§ **WORK REQUEST**
Locate the line that contains "Společenství vlastníků domu" in the entries below, then repeat it and every following line through the line that contains "Visitas 2024 de", exactly, and no others.

== Segment start ==

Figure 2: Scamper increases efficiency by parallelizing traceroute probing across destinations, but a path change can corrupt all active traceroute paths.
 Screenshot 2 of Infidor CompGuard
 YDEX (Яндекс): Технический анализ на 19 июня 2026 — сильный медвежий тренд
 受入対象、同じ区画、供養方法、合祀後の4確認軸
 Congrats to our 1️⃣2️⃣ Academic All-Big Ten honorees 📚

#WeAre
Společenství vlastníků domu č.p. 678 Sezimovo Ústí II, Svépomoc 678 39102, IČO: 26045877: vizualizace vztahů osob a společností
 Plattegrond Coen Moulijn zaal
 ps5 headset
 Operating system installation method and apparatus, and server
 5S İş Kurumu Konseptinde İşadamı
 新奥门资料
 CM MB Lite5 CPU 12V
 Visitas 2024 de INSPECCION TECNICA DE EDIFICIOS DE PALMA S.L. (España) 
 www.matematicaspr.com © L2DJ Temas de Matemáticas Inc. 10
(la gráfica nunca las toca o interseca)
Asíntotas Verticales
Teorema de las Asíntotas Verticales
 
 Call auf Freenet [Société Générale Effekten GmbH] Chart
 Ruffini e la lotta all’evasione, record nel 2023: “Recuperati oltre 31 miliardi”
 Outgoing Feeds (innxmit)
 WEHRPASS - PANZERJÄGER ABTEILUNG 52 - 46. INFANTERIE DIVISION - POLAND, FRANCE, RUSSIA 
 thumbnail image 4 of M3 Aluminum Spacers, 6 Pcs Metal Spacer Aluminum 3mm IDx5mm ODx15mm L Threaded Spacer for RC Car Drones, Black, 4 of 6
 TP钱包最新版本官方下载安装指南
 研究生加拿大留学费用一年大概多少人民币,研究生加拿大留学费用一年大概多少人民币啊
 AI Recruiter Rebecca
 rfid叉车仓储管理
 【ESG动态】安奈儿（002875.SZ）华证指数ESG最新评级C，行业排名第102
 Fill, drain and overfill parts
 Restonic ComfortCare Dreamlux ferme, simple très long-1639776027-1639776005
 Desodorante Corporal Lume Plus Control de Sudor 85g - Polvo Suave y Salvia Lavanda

== Segment end ==

§ **YOUR RESPONSE**
Společenství vlastníků domu č.p. 678 Sezimovo Ústí II, Svépomoc 678 39102, IČO: 26045877: vizualizace vztahů osob a společností
 Plattegrond Coen Moulijn zaal
 ps5 headset
 Operating system installation method and apparatus, and server
 5S İş Kurumu Konseptinde İşadamı
 新奥门资料
 CM MB Lite5 CPU 12V
 Visitas 2024 de INSPECCION TECNICA DE EDIFICIOS DE PALMA S.L. (España) 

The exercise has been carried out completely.